On the surface, it was disappointing. The Republicans had their talking points – actually, their talking point, because there was essentially only one message. Americans don’t want this bill. Well, okay, I’ll grant them that. As Obama put it, Republicans, in general, don’t want it. Their Americans (“real Americans,” as Sarah Palin would say) don’t want it.
The Democrats took a different tack: argument from anecdote. It’s faulty inductive reasoning – this poor lady had to wear her dead sister’s dentures, so our bill is good.

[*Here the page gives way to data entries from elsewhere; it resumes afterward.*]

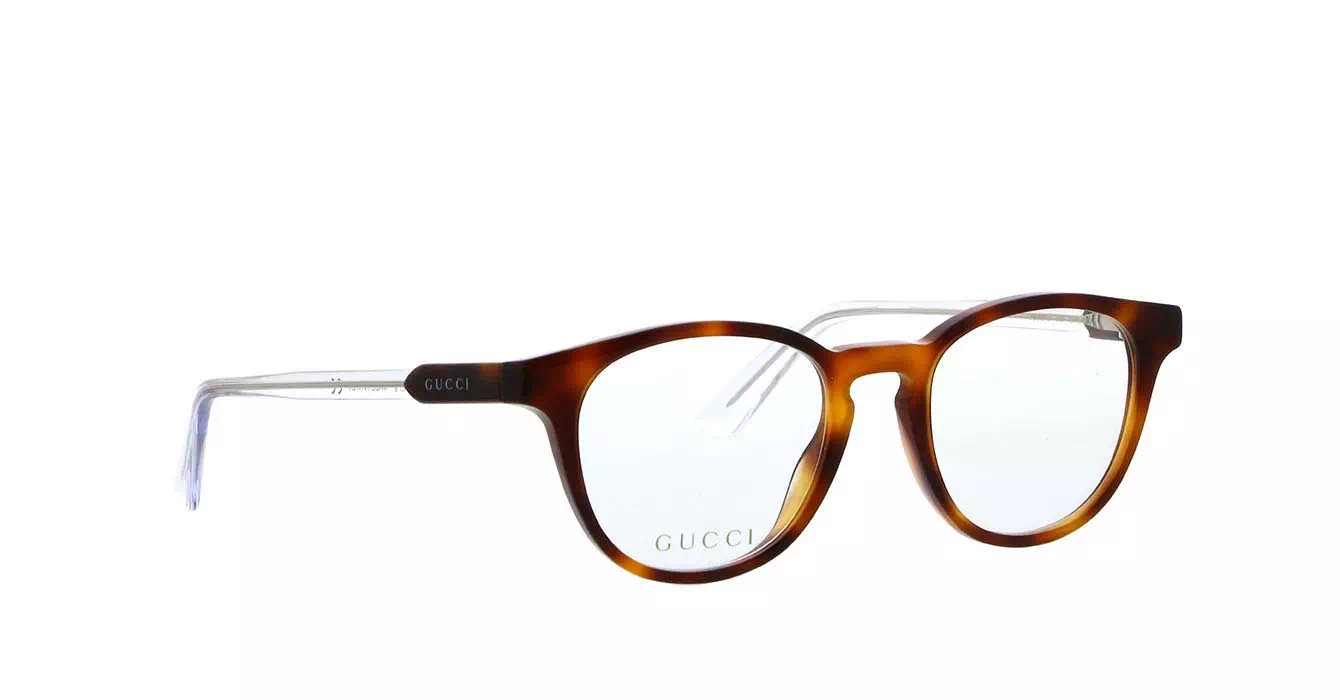 Gucci GG0491O 003 s49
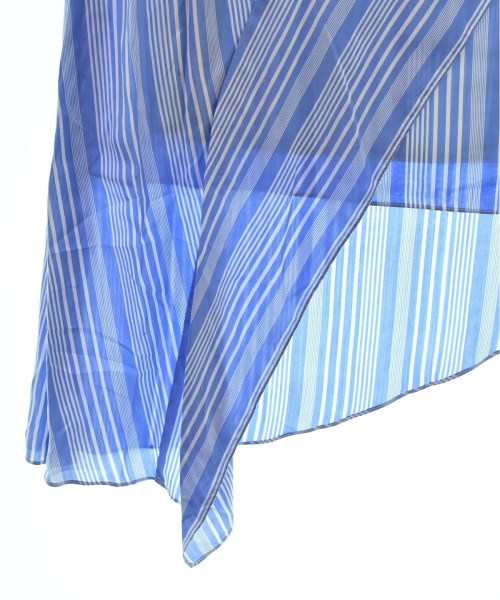 NINA RICCI ニナリッチ ひざ丈スカート レディース 【古着】【中古】_4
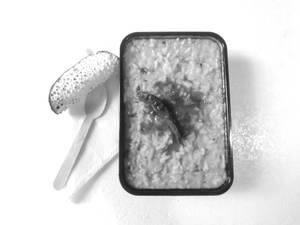 Dal Tadka Khichdi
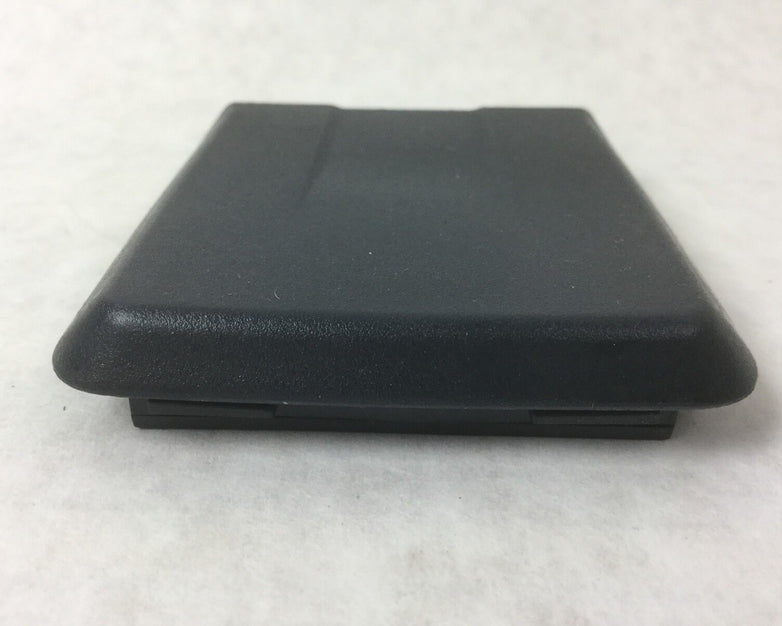 Cameron Sino CS-ICN500BX Battery Pack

And when even Obama did it, with his folksy story of getting rear-ended, I realized this was not really a work session. It was about process, not content.
Did Obama think he could throw in a few Republican ideas, like Senator Coburn’s fake patients, and end up with a bill that would pass? Very unlikely – that he even believed this, or that an Obama plan with Republican sprinkles would pass.
And if the Republicans hadn’t been so intransigent, would they all have put their heads together and thrashed out, on TV, a bill both parties could support? Very unlikely. It took months for Senator Baucus to come up with a bill even the Republicans who worked on it with him didn’t like.
So the whole thing was about process, a hurdle they felt they had to cross before they reached the finish line (though we all may expire before they do). Maybe they hoped people would see that the Republicans were all about saying no, while the Democrats’ plan would fix the sad stories they’d been told.
I think we were supposed to believe Obama was really willing to thrash things out, but the nay-saying Republicans made this impossible. But the format, the time limit, the TV cameras, and the rhetoric on both sides all belie this.
The Summit was a dog and pony show. It softened us up, making the constituents of those 51 Democrats, whoever they might be, more willing to accept a reconciliation process. If I were a Republican, I’d be pissed.
But we desperately need health care reform. So if a dog and pony show gets us to it, that’s fine with me.